The House With No Room
Perhaps you have heard the fable about a peasant, his wife, and their tiny cottage. The place was simply too small. They never had guests because they had no room at the table. They could not raise a family because they had no place for children to sleep. There was barely room for the two of them in that house, and they were starting to get in each other's way and on each other's nerves. They needed a bigger house.
Well, as the fable would have it, a wizard arrived to grant their desires.
"You shall have a bigger house," he said, "but you must do as I tell you."

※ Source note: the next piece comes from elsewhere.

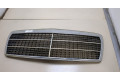 Решетка радиатора  Mercedes E W210 1995-2002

"First," he instructed, "you must bring all your chickens, ducks, geese, and fowl into the house with you. Next, bring in the dogs and the cats and the pigs and the cows and the horses and the goat." Well, the peasant and his wife pushed, and they shoved, and they squeezed them all tight--and still the wizard demanded more.
"Now," he proclaimed, "invite all your neighbors, and all of their animals. Put on a feast for them, and by tonight you shall have your big house."
It did not seem possible that the entire neighborhood could fit into the overstuffed cottage, but the invitations were sent and soon the banquet had begun. It was a noisy and crowded affair, but a festive one. Eventually, every neighbor, beast, and fowl had been welcomed, wined and dined. When all had finished and bade their farewells, the peasant and his wife collapsed in happy exhaustion and put up their feet to rest. It was then that they noticed how spacious their home had become. They had room to stretch out and relax. The wizard had granted their wish.
What the wizard granted them was a new attitude toward the space they had. They actually had plenty of room in their house to raise a family, have a feast, make all the human connections that fill life with joy and delight, but they had reasoned themselves into a corner and believed that they did not have room, so they had withdrawn from their community into themselves. The wizard broke the cycle. What the wizard really showed them was how to reach out to other people.
That is what Christ shows us--how to reach out and connect. That is what Christmas is about. That is what Christ is about. We are to put a candle on the ledge and share the light! Amen.
Said, Maria. "Half-walls between us." Re:generation Quarterly, Spring, 1999.